Hmm...this sounds good too. I will try it! Although Dobby does get walked more than once a day...I believe it will work. I know this issue can be corrected, I just felt like I was doing it all wrong. Thanks Natalie! I will get back to you :smile:


----------



## schtuffy (May 17, 2010)

xellil said:


> When i first got Rebel, he was hyperreactive to everything - when a dog walked by outside, he would go so berserk I would have rugs thrown up on the walls, furniture knocked over, and he would be frothing at the mouth and literally vibrating he would be so upset.
> 
> I took the easy and lazy way out - I closed the curtains.
> 
> Have you tried walking with the other dogs? I have found that can cure alot of ills. Don't let them interact, just walk with each other.


Sheesh...I put curtains up for this precise reason. This dog of mine knows how to part them. He can sense them through closed blinds. He's...out to get them!! 

Walking with them sounds like a plan...I will see what I can do, thanks!!


----------



## DaneMama (Jun 27, 2008)

Well, the soothing/coddling could be reinforcing his reaction. Attention from you = reward to him. So I wouldn't continue doing this even if he is upset and worked up.
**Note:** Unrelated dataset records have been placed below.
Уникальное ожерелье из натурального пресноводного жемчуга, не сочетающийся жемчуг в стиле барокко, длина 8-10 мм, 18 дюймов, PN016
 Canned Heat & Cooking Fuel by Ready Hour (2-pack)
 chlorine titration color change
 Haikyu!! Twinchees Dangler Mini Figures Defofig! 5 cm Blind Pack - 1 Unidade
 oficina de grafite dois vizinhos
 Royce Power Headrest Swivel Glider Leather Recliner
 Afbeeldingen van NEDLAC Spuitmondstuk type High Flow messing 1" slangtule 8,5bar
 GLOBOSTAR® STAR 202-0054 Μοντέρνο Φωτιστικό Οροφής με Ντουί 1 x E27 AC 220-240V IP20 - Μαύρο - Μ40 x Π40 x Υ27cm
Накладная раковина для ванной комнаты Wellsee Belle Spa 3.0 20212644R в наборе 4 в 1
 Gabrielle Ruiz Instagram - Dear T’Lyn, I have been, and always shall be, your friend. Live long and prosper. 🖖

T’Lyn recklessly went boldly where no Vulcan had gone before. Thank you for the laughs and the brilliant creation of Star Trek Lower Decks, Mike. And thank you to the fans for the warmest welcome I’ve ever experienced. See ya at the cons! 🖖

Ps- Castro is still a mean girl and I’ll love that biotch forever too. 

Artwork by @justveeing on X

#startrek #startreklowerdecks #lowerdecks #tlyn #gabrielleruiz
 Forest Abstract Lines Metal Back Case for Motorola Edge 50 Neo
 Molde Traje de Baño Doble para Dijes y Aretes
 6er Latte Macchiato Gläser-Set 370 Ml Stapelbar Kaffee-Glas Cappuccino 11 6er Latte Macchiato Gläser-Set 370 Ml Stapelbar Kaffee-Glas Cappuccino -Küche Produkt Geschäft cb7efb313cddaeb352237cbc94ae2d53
And since it doesn't seem to help anyways, so its not really working. 

Taking more control over his environment is the first step...don't let him act like a crazy man by NOT allowing him in the areas he does it in. It sounds like a behavior chain, and breaking that chain (not allowing him access to a particular spot) will cause him stress, but thats really the only way to combat this. 

Let me know how it goes!


----------